How Much Faster Is My Computer Than An Apple ][

In 1981 (I think) my father bought an Apple ][, and like everyone else at the time, I learned a little Basic. One of the little programs I wrote was to find all the prime numbers between 1 and 1,000,000. It ran for a few hours without having found one prime number—it was counting down—until someone had to use the computer for something more productive. Anyway, I don’t remember how to write in Basic or have a programing environment, but I was wondering how long the same task would take on today’s computers? Here’s a Basic-ish version of what I remember programing:

10 X=1000000
20 Y=2
30 Z=X/Y
40 If Z is a whole number then goto 90
50 Y=Y+1
60 If Y>X/2 then goto 80
70 Goto 30
80 Print X
90 X=X-1
100 Goto 20

How long would it take to run this on today’s computers?*
*I realize that the performance of “today’s computers” varies greatly, but I don’t want to limit the responses to just owners of 867 MHz PowerBook G4s.

867MHz is about the rate that
Edsger Dijkstra is spinning in his grave right about now…

References I can find rate the 1981-era Apple computers as running at about 2MHz. The Intel Itanium processor runs at about 1 GHz.

There are far too many variables to say for sure how long your algorithm would take to run now, but I’d say about 500,000 times faster, give or take a zero or two.

Er, 1 GHz / 2 MHz = 500, no?

Hey, it’s morning here on a weekend. At least I included a fudge factor. :smiley:

Of course, speaking as someone with a computer science degree, I suppose I’m supposed to throw in some hand-waving hemming and hawing about the common use of dual processors and the fact that newer processors are 64-bit whereas the Apple ][, while not a two-bit computer at the time, was not a significant multiple of that number.

And of course, remember that even processor that are the same clockspeed/bitness can have widely varying performance. For an example, a Sempron 3100+ running at 1.8ghz will easily beat a 1.8ghz Pentium 4 in any application that I know of. Both are 32bit processors.

Perfomance equals clockspeed x average IPC (Instructions Per Clockcycle, which varys depending on the application & proccesor design.) IRRC, it wasn’t until Pentium I era that consumer processors could average more than one IPC.
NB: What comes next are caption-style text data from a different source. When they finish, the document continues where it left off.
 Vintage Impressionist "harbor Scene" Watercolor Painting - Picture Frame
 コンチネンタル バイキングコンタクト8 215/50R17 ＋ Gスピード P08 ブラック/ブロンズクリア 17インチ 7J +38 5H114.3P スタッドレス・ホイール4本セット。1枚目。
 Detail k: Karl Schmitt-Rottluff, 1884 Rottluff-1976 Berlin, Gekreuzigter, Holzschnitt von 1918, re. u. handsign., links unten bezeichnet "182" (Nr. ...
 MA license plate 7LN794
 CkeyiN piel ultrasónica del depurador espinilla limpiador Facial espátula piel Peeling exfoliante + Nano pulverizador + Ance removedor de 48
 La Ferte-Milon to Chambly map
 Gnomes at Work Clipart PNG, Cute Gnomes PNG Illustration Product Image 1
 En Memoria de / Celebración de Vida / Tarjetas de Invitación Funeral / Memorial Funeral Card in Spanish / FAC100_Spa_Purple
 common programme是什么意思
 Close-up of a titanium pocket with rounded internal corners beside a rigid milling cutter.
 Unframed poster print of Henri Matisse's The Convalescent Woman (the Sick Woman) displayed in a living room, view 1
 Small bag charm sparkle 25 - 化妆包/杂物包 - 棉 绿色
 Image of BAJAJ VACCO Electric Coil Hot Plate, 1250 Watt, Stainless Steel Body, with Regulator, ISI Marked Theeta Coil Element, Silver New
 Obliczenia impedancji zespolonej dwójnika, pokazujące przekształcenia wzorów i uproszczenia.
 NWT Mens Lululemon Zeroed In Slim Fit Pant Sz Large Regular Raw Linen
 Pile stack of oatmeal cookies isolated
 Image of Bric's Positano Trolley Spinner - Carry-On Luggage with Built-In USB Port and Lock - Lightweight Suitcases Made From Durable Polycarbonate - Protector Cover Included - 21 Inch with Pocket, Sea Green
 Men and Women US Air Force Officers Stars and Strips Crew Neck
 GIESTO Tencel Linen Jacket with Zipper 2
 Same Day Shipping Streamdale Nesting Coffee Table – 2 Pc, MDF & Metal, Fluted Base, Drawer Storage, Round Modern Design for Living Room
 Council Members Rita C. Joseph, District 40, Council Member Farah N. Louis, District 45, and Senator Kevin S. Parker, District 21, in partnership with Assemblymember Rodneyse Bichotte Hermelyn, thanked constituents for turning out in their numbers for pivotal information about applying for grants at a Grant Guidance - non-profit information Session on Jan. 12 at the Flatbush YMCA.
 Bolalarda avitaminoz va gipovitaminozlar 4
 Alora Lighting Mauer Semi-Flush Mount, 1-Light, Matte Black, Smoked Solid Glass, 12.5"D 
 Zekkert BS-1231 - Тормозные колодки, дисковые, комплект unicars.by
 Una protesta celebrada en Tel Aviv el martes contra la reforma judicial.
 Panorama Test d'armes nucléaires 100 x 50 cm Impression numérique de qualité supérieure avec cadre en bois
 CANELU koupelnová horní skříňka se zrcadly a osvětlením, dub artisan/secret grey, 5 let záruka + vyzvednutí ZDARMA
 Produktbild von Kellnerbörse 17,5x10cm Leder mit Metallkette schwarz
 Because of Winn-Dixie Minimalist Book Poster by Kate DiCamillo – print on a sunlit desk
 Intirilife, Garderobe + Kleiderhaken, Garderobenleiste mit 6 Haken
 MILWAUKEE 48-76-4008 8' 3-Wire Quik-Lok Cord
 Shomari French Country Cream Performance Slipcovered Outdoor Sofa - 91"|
I actually paid my subscription just to answer this :stuck_out_tongue:

Anyway, I rewrote your algorithm to VisualBasic.NET. I’m not sure how compatible our algorithsm are, but both are “interpreted” (In a manner of speaking, I mean, .NET’s CLR environment is interpreted in a sense) so I think there’s a good correlation between the two.

I imagine if I rewrote it in a true C++ console application, that the speed would be much greater.

anyway, here’s my .Net algorithm (Note, I know it’s not great code…but I wrote it by looking at the OP’s code (heh, as opposed to OP codes) and it gets the job done. (I’m always very self concious of others looking at my code anyway.)

so here’s what I ran:



Private Sub btnPrimeNums_Click() Handles btnPrimeNums.Click
	Dim dtStart As DateTime = Now
        Dim tsSpan As TimeSpan

        Dim x, y, z As Integer
        Dim blnFoundNonPrime As Boolean

        Dim col As New Collection

        For x = 1000000 To 3 Step -1
            blnFoundNonPrime = False
            For y = 2 To (x / 2) Step 1
                If (x Mod y) = 0 Then
                    'we found a "non prime" number, so exit
                    blnFoundNonPrime = True
                    Exit For
                End If
            Next
            If Not blnFoundNonPrime Then
                col.Add(x)
            End If
        Next

        tsSpan = Now.Subtract(dtStart)
        MsgBox(tsSpan)

        Dim strResults As String
        Dim n As Integer
        For Each n In col
            strResults += CStr(n) + vbCrLf
        Next

        txtResults.Text = strResults
        
End Sub


Note that there are some major differences. For exmaple, in your code, when you found a number, you just printed it to the screen. Highly efficent and quick. When I found one, I added it to VB.Net’s Collection class, which is a bit more expensive.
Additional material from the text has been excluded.